Dowd is right. Mayer isn't the only hypocrite. Sheryl Sandberg who exhorts women to stay in the office, also doesn't recognize that her huge salary and boss-like perks enables her to manage a job and still be home for dinner at 5:30. I don't want to hear any work-family advice from people like Mayer and Sandberg.
Now, let's talk about working from home. The basic issue is trust. Do you trust your workers to really work when they are at home? If your workers have to process 50 reams of paperwork in one day and they get it done while wearing their PJs at home, it should be fine, right? But it doesn't work that way.
When Steve first started working his Wall Street job, there was a lot of talk about workplace flexibility. He attended training sessions on workplace flexibility. A few of his co-workers negotiated arrangements where they were at home for three days a week. Steve only worked from home one or two times a year, but it was a nice arrangement for emergencies. He said that he got more work done at home, because there were less distractions.

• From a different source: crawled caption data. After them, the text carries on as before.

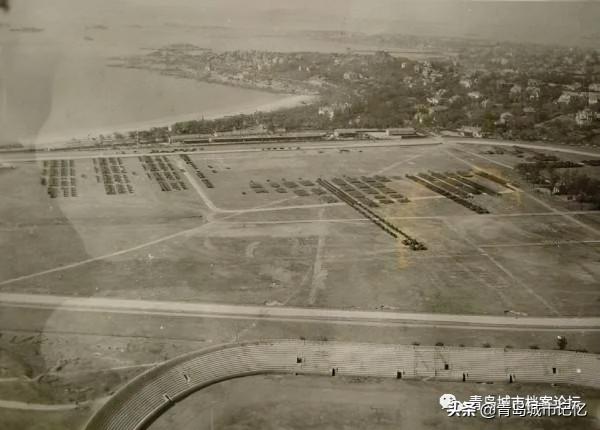 七十六年前的今天，青島日軍受降儀式在匯泉跑馬場舉行​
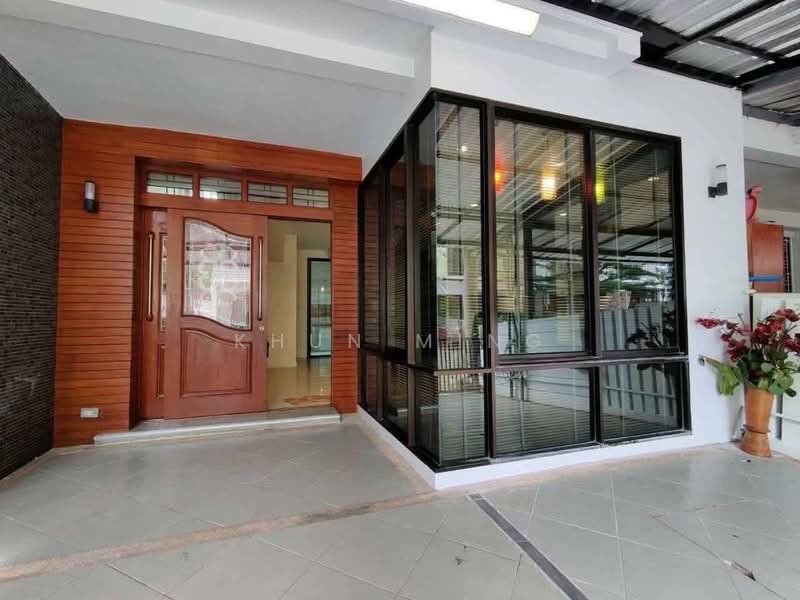 Areeya Mandarina Sukhumvit 77 : อารียา แมนดารีนา สุขุมวิท 77, กรุงเทพ, ถนนสุขุมวิท 77 (อ่อนนุช), สวนหลวง, กรุงเทพ, 200 ตร.ม., ทาวน์เฮ้าส์ ให้เช่า, โดย Khun Ming, 500438803 - DDproperty.com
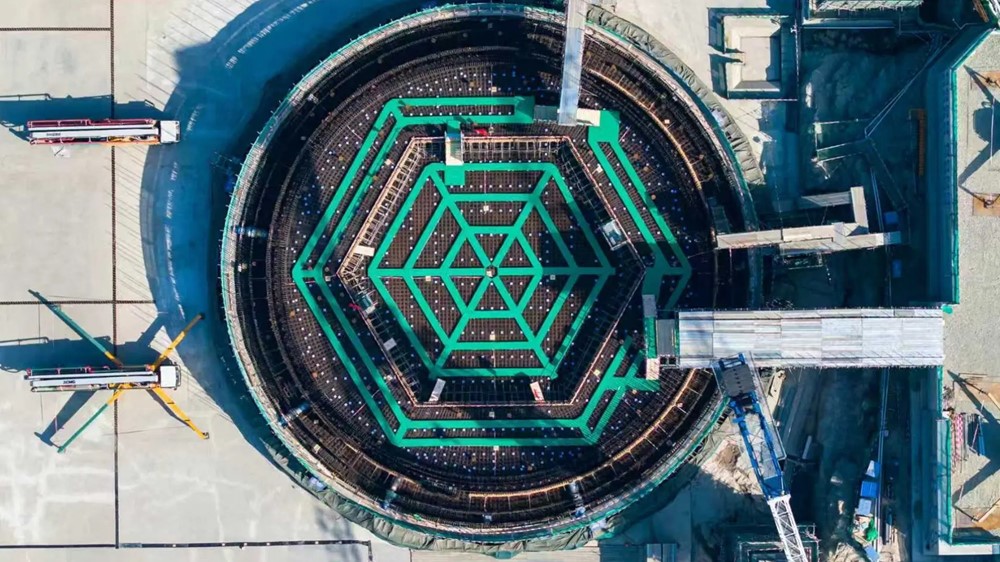 Láng giềng Việt Nam khởi công nhà máy hạt nhân lai đầu tiên trên thế giới: Sản xuất hơn 11 tỷ kWh điện sạch, tiết kiệm 7,26 triệu tấn than và giảm phát thải gần 20 triệu tấn CO2/năm - ảnh 1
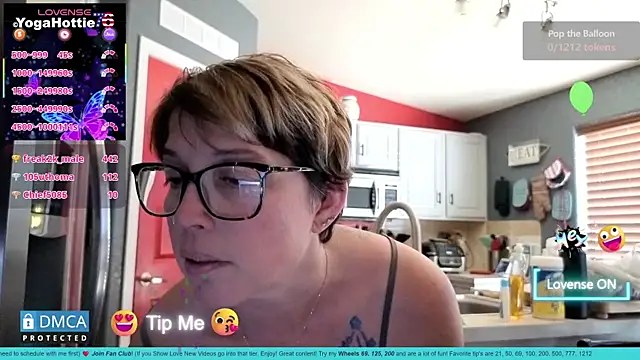 YogaHottie76's cam snapshot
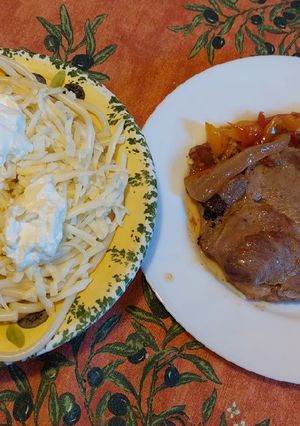 Sajtos tészta sült hússal recept fotója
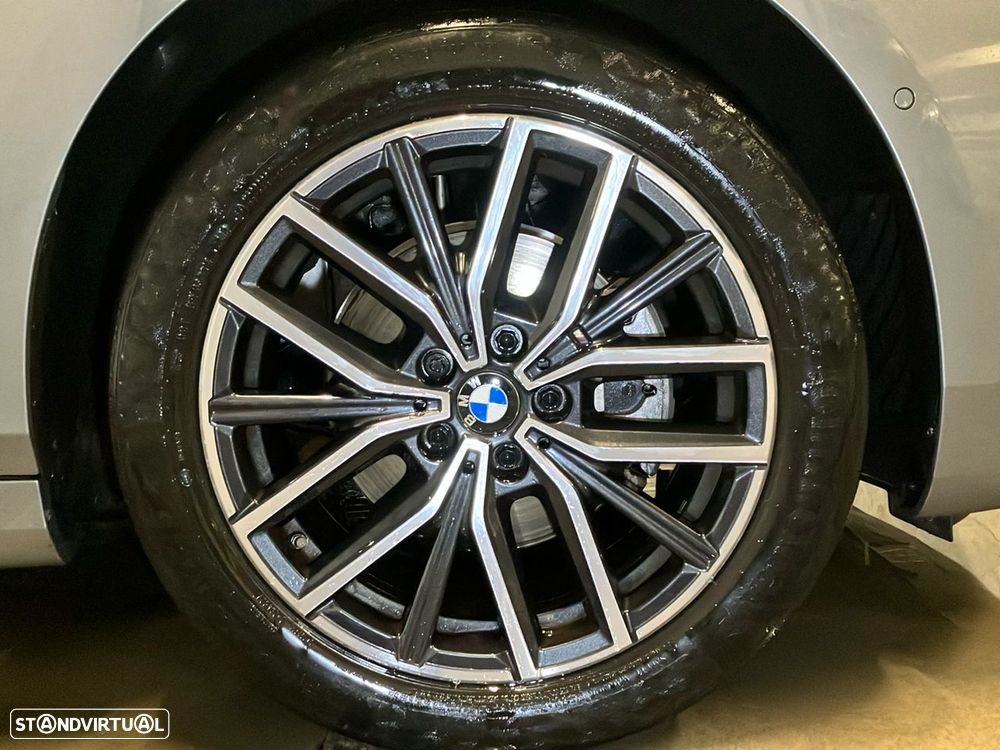 BMW 218 - 10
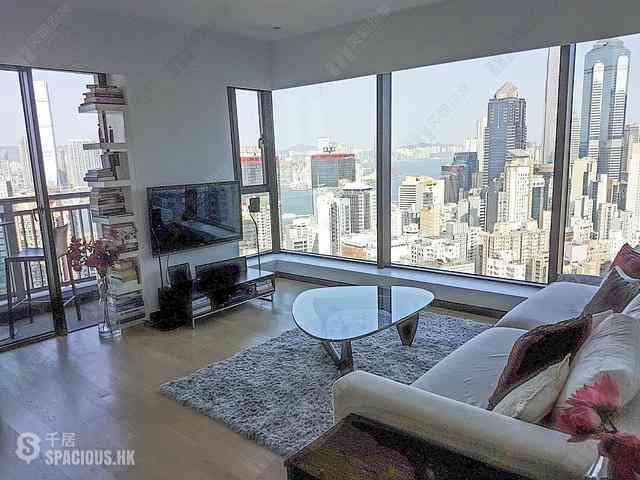 Sai Ying Pun - Centre Place 02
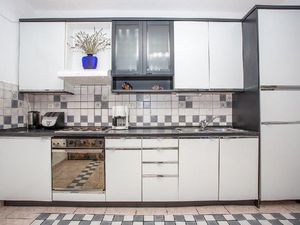 21749113-Ferienwohnung-7-Njivice-300x225-5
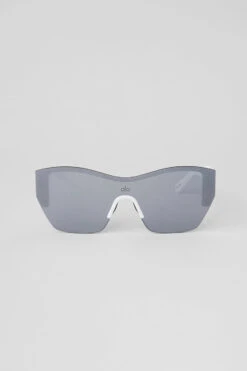 Stunner Sunglasses - Gunmetal/White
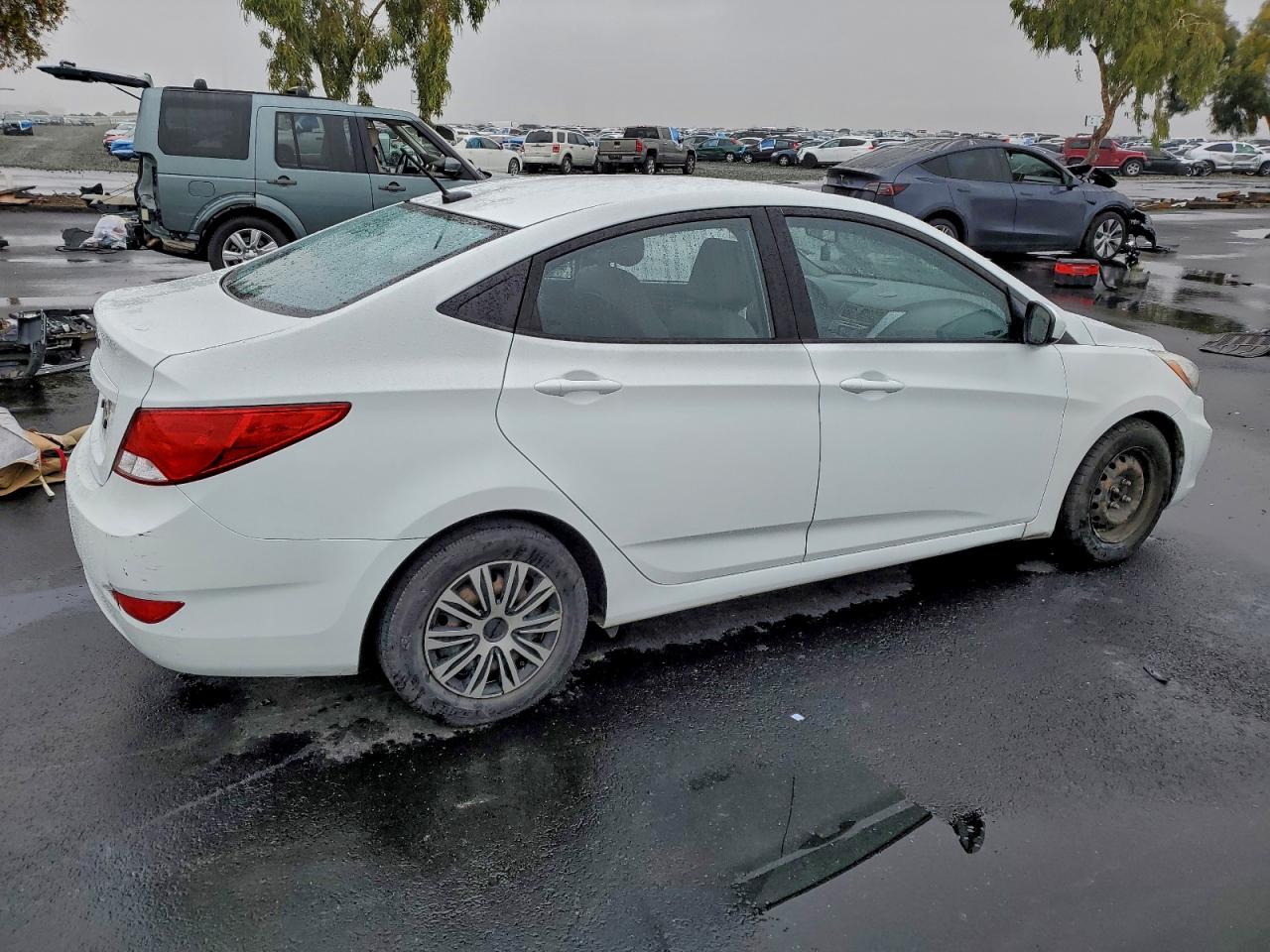 2015 HYUNDAI ACCENT GLS photo 7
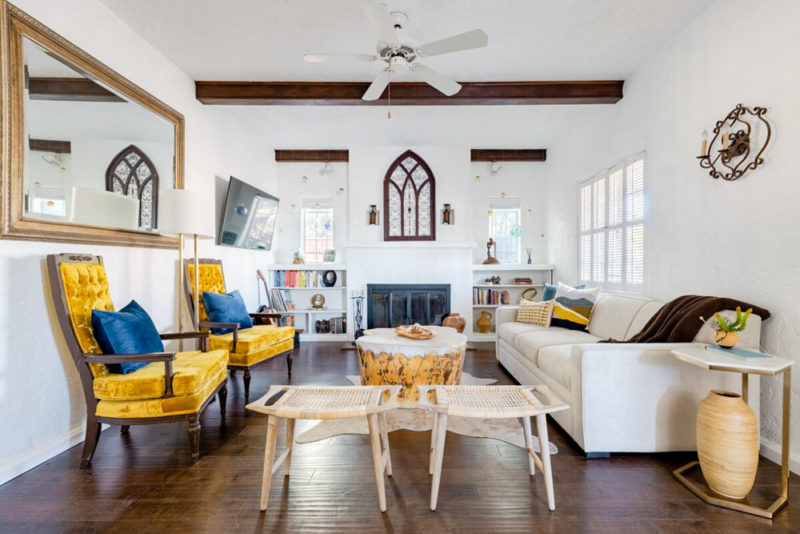 Best Phoenix Airbnbs & Vacation Rentals : Quirky Art House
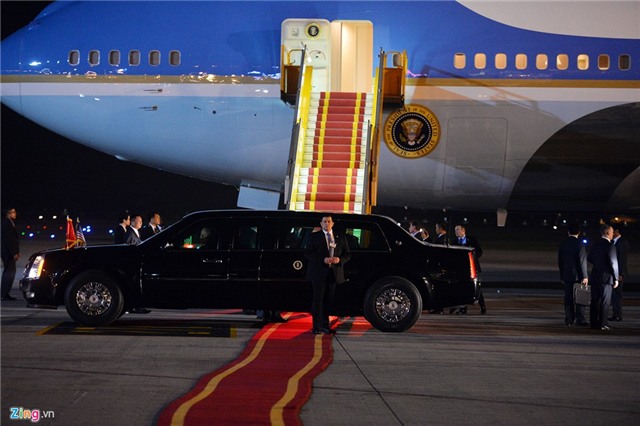 Doan xe dac chung don Tong thong Obama tai Ha Noi hinh anh 10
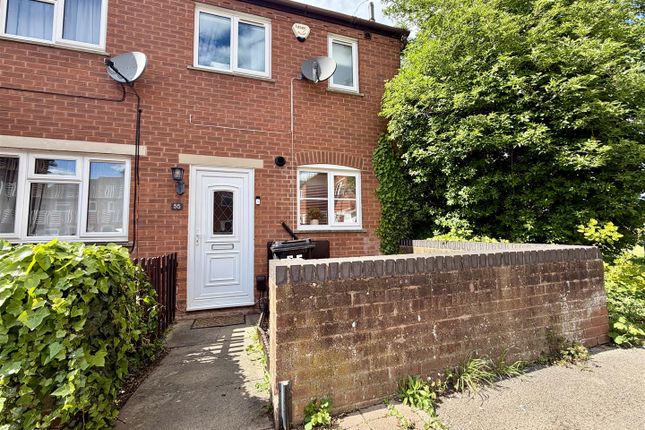 2 bed property, in Overbury Road, £200,000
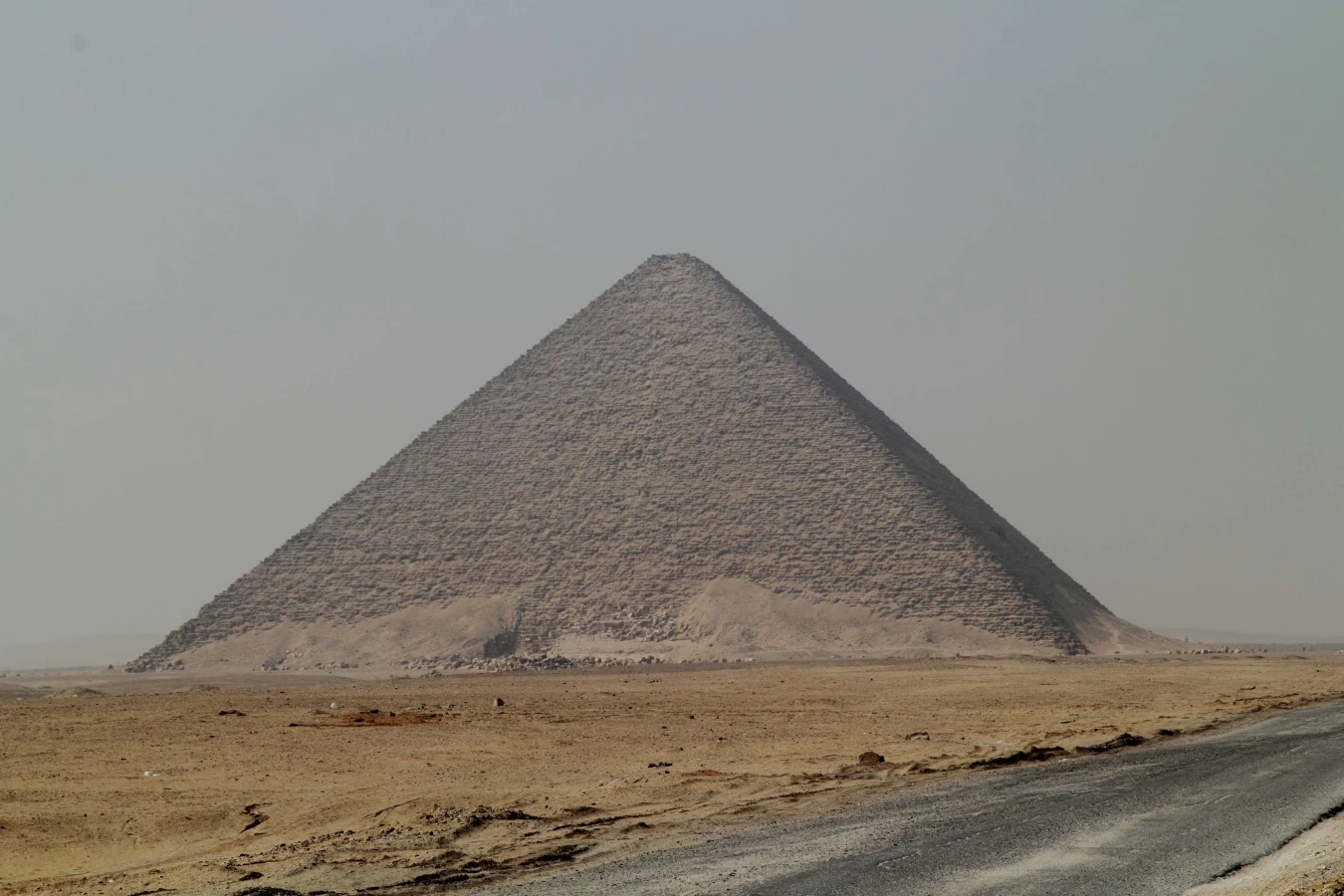 Pyramide rouge, Égypte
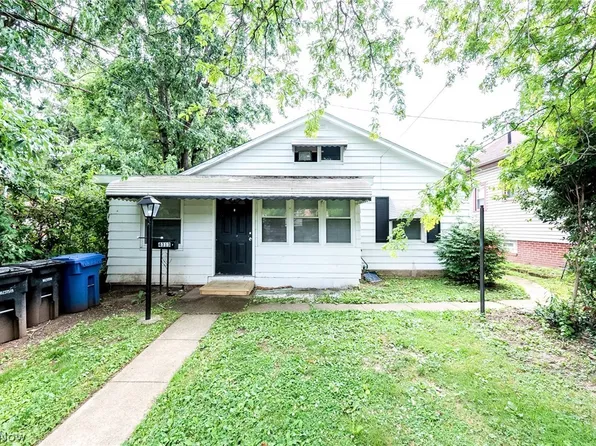 4313 W 52nd St, Cleveland, OH 44144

And then the recession happened. The workers who worked from home regularly were fired first. When Steve asked if he could work from home one day (the first request in two years), he was actually yelled at. The trust was gone. Fewer workers were doing twice the work, and their bosses felt that they needed to be monitored at all times.
Truly, this move by Mayer has nothing to do with creating incubators of ideas or the particular needs of Yahoo. It has everything to do with the erosion of trust between workers and management in a crappy economy. This move is one of hostility towards working parents, no question about that. But it is also a hostile move towards ALL workers. Terribly disgusted.
UPDATE FROM THE COMMENT SECTION:
I come from the academic world, where working from home is the norm. People go to the university three days a week and then work from home two days. They have plenty of flexibility. Some work better in the morning; others work better in the evening. Everybody gets their shit done eventually. There is still plenty of face to face time to network and all that. It is totally weird for me to see workplaces that expect that a butt is glued to one chair for 40 to 60 hours a week.
As I said in my last blog post, my kids have been sick on and off for two and half weeks. Plus, they had a whole week off from school. This is the first day in ages that I haven't had a kid in the house. This is why I'm slogging away at the freelance writing career, when I could be making better money elsewhere. I am unemployable in a Marissa Mayer world.